I am a superstitious woman. So superstitious, in fact, that I flat out refused to wear the beautiful jacket I received for Christmas two years ago for the entirety of last winter. The reason is slightly embarrassing, but I finally feel the need to come clean and this feels like as good an outlet as any. The thing is, the winter-spring of 2007-08 was the absolute worst time of my life, and somehow putting on the jacket I wore so frequently during that period just seemed wrong. Though I never openly acknowledged it, I think I feared that wearing the coat would bring bad luck. That and it just reminded me of how consistently awful I felt for 5+ months.
I am happy report, however, that since that time my life has progressively improved. Slowly, I regained the confidence (and sanity!) I lost while employed in an absolutely terrible work place, and, tentatively at first, I began to re-introduce the jacket into my life.

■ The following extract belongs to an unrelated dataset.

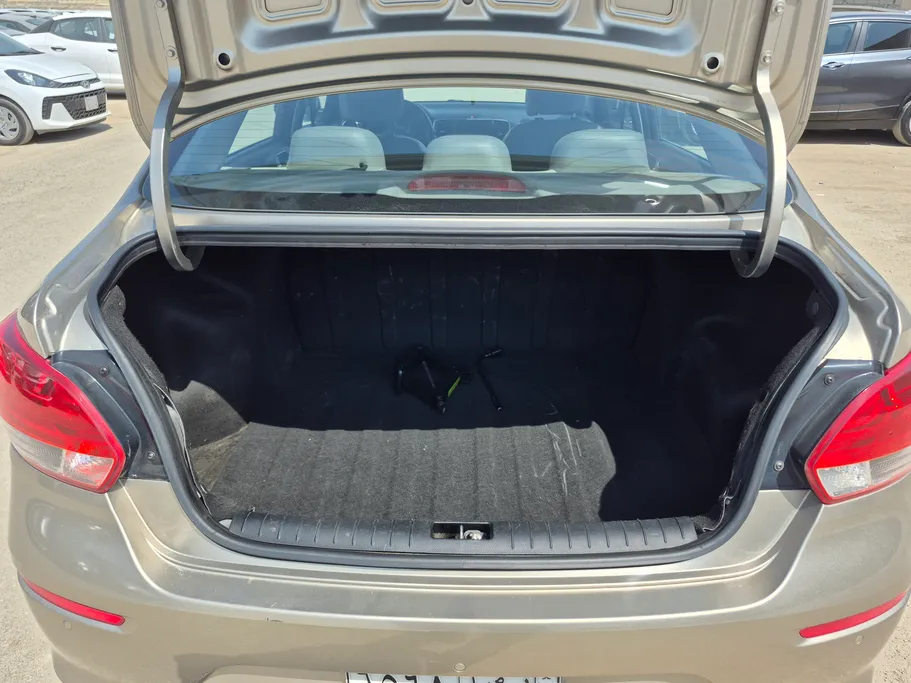 2023 Kia Pegas EX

Then, while fishing through the pockets the other day, I came across my old iPod - something I thought I had lost a long time ago!! I have to admit I was a little scared to listen to it - this record of what I was listening to while going through sheer hell. Yet today I finally worked up the courage and plugged in my headphones. Turns out, I was listening to quite a bit of Amy Winehouse at the time, as well as retro '90s and Coldplay. Usually nothing brings back memories like music, but somehow I managed to say relatively composed for the first half hour or so. Then, the song "High Hopes" by Frank Sinatra came on, and I completely broke down. I remembered putting it on the iPod at the time as a source of comfort; it's a song that reminds me of childhood, and contains a comforting message that I hoped would make me feel better.
Anyway, I'm glad I made myself listen. All in all it was an extremely cathartic experience. Painful, yes. But also necessary, in order to attain the last bit of closure I needed to put that time behind me.